§ Work instruction
No pictures belong in the copy. Retype exactly, and only, the stretch of lines below from the one with "ITALY P.116b 1992 50,000 Lire EF" through the one with "Điều động, bổ".

==== Data to examine ====

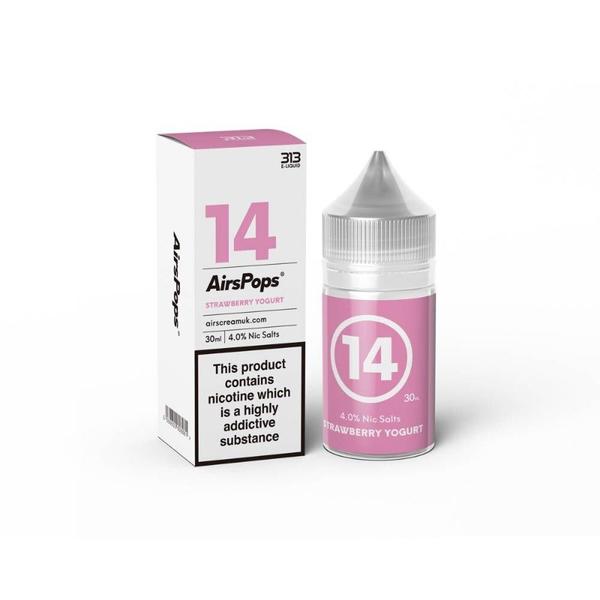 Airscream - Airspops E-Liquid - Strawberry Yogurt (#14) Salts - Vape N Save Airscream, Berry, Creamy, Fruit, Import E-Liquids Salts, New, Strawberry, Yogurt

====
==== Data to examine ====

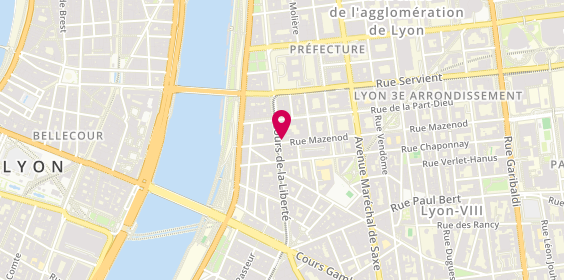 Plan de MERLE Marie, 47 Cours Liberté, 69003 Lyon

====
==== Data to examine ====

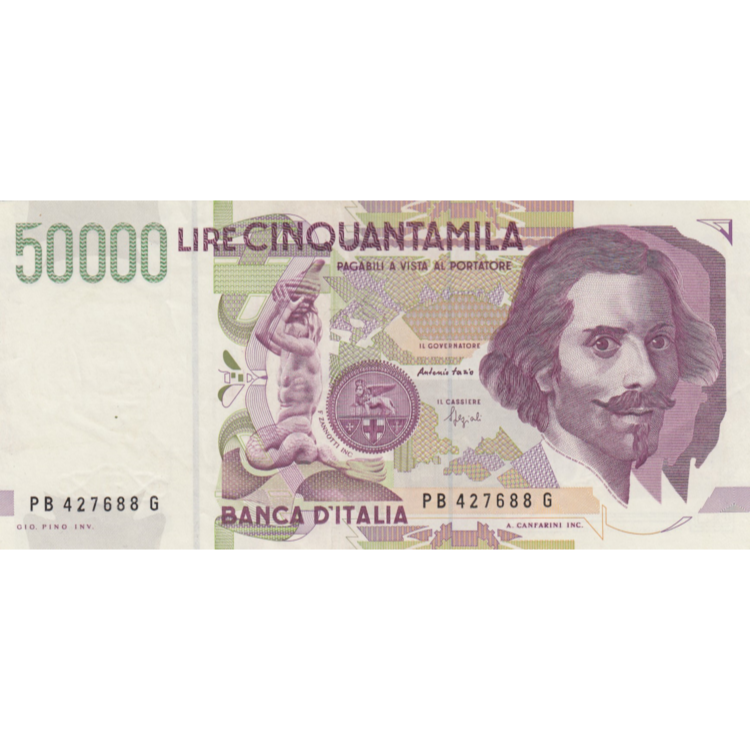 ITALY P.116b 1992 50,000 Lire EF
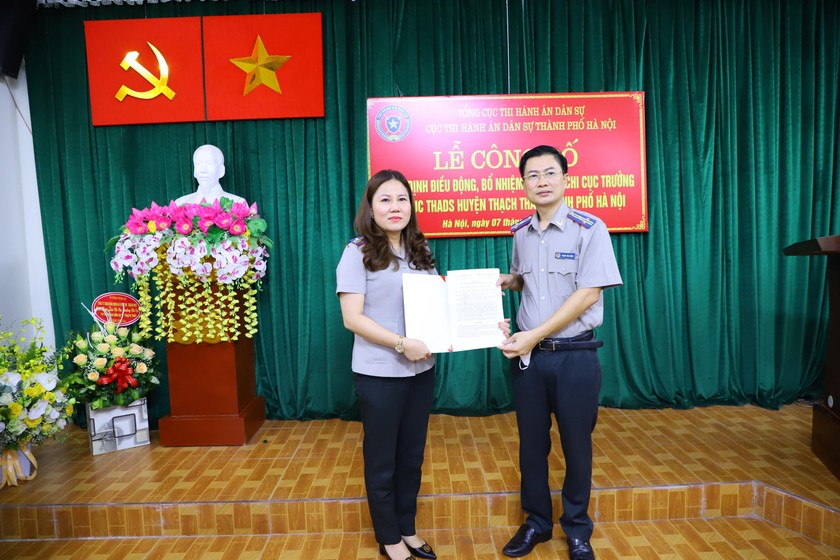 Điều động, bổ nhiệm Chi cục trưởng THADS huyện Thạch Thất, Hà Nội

====

§ Response for this exercise
 ITALY P.116b 1992 50,000 Lire EF
 Điều động, bổ nhiệm Chi cục trưởng THADS huyện Thạch Thất, Hà Nội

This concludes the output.